MohamedRejeb / Ksoup

Ksoup is a lightweight Kotlin Multiplatform library for parsing HTML, extracting HTML tags, attributes, and text, and encoding and decoding HTML entities.
Apache License 2.0
376 stars 10 forks source link

decodeHtml4 & decodeHtml5 in one step #18

Closed vanniktech closed 1 year ago

vanniktech commented 1 year ago

decodeHtml5 isn't a set which also contains the decodeHtml4 entities. I'd like to invoke both. I know that I can call them one after another however, but I'm guessing performance wise a single call would be better. Since it'd only need to loop once instead of twice over the string. Also NumericEntityDecoder() is used twice which is unnecessary.

Esentially, I want an aggregator like this:

AggregateTranslator(
    LookupTranslator(EntityMaps.HTML4Decode),
    LookupTranslator(EntityMaps.HTML5Decode),
    NumericEntityDecoder(),
)

Side note: I also found decodeHtml confusing as at first I thought this is decode4+5 but it's just 5, in which case, I'd go for removing that method to make the API smaller & conciser.

MohamedRejeb commented 1 year ago

decodeHtml5 already contains all HTML4 entities so you can just use decodeHtml5 and you will cover all the entities. True decodeHtml is confusing, maybe I'll deprecate it and suggest replacing it with decodeHtml5. I added it to make it clear that this is going to cover any HTML entity (4+5) so people don't get confused

vanniktech commented 1 year ago

It does not.

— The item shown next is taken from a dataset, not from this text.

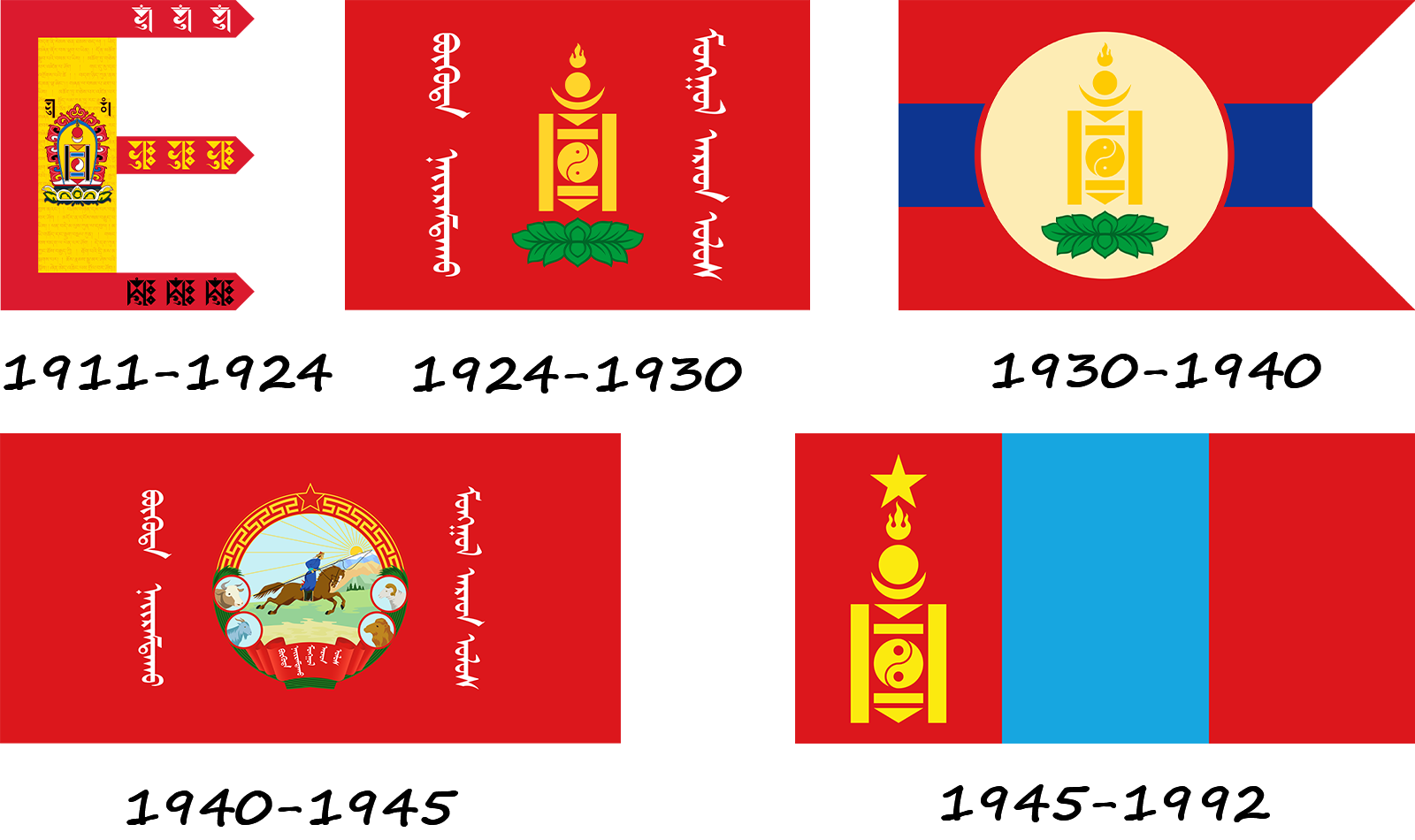 Historia de la bandera de Mongolia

The following test case fails for HTML5:

  @Test fun decode() {
    assertEquals("Å", KsoupEntities.decodeHtml4("Å"))
    assertEquals("Å", KsoupEntities.decodeHtml5("Å"))
  }
MohamedRejeb commented 1 year ago

It's a bug. I'll check this

MohamedRejeb commented 1 year ago

I'll release a new version soon containing the fix for this issue and the other issues as well.